Exclude images, then output the remaining data verbatim.

-- EXERCISE INPUTS follows --

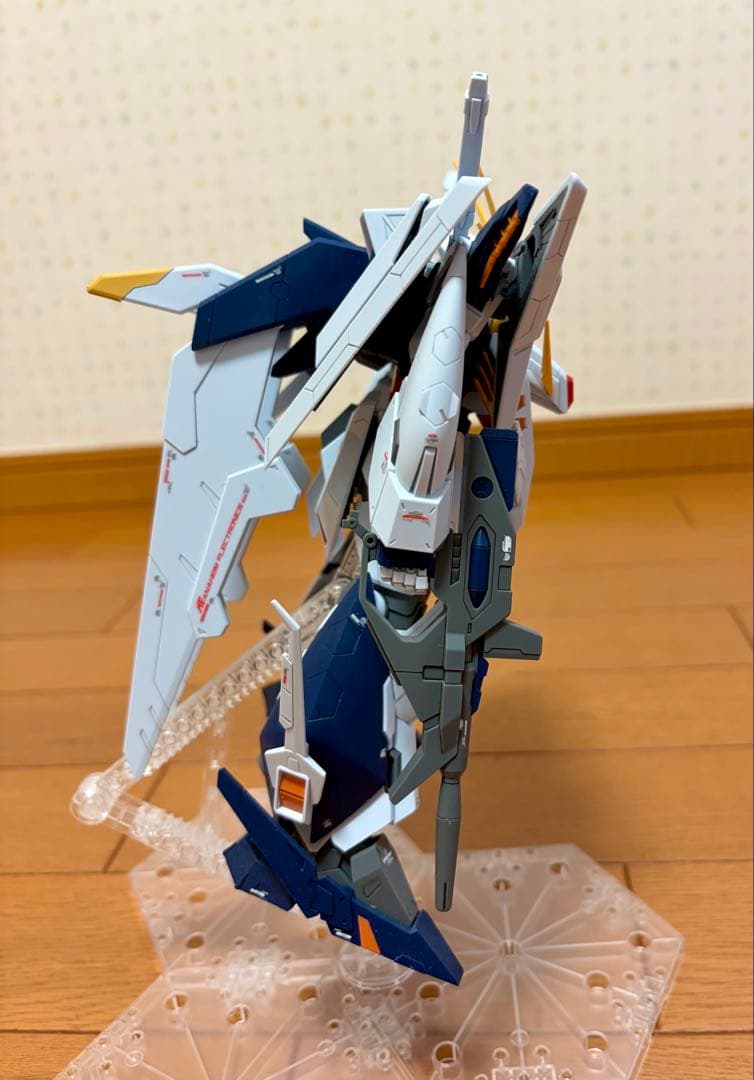 HGUC 機動戦士ガンダム 閃光のハサウェイ クスィーガンダム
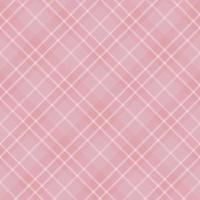 Seamless pattern in fantasy light pink colors for plaid, fabric, textile, clothes, tablecloth and other things. Vector image. 2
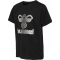 hummel hmlPROUD T-Shirt Kinder black 104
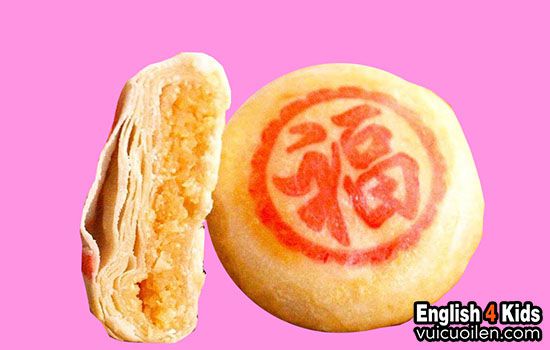 Bánh Pía tiếng anh là gì
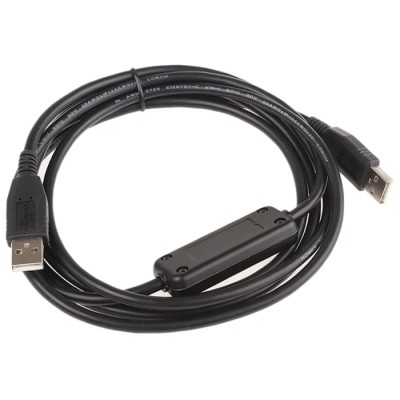 Schneider Electric Cable 2 m For Use With HMI XBTGTW, XBTG, XBTGT4, XBTGT7, XBTGT2, XBTGT5, XBTOT Panel XBTZG935
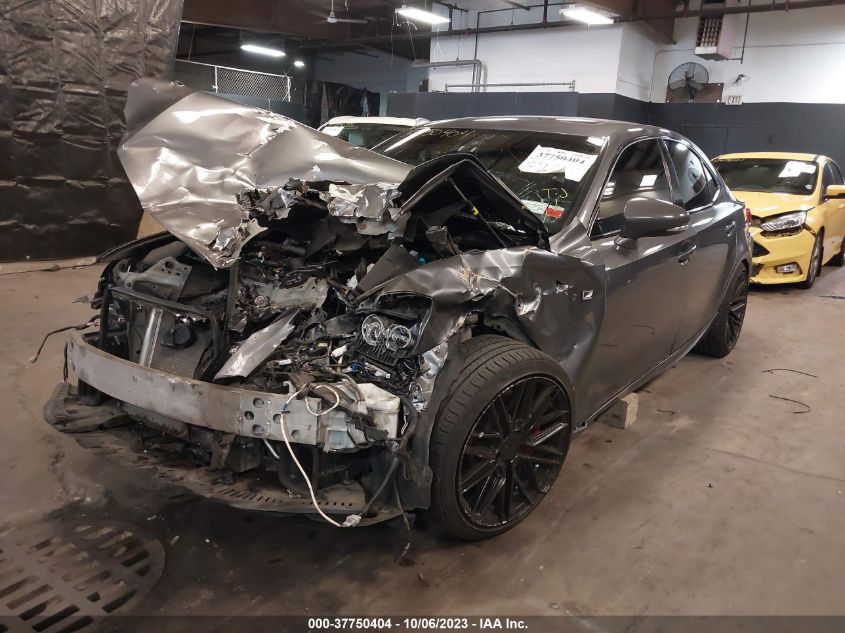 2016 LEXUS IS 300 - JTHCM1D23G5004574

-- EXERCISE INPUTS concluded --

__ANSWER AREA__
 HGUC 機動戦士ガンダム 閃光のハサウェイ クスィーガンダム
 Seamless pattern in fantasy light pink colors for plaid, fabric, textile, clothes, tablecloth and other things. Vector image. 2
 hummel hmlPROUD T-Shirt Kinder black 104
 Bánh Pía tiếng anh là gì
 Schneider Electric Cable 2 m For Use With HMI XBTGTW, XBTG, XBTGT4, XBTGT7, XBTGT2, XBTGT5, XBTOT Panel XBTZG935
 2016 LEXUS IS 300 - JTHCM1D23G5004574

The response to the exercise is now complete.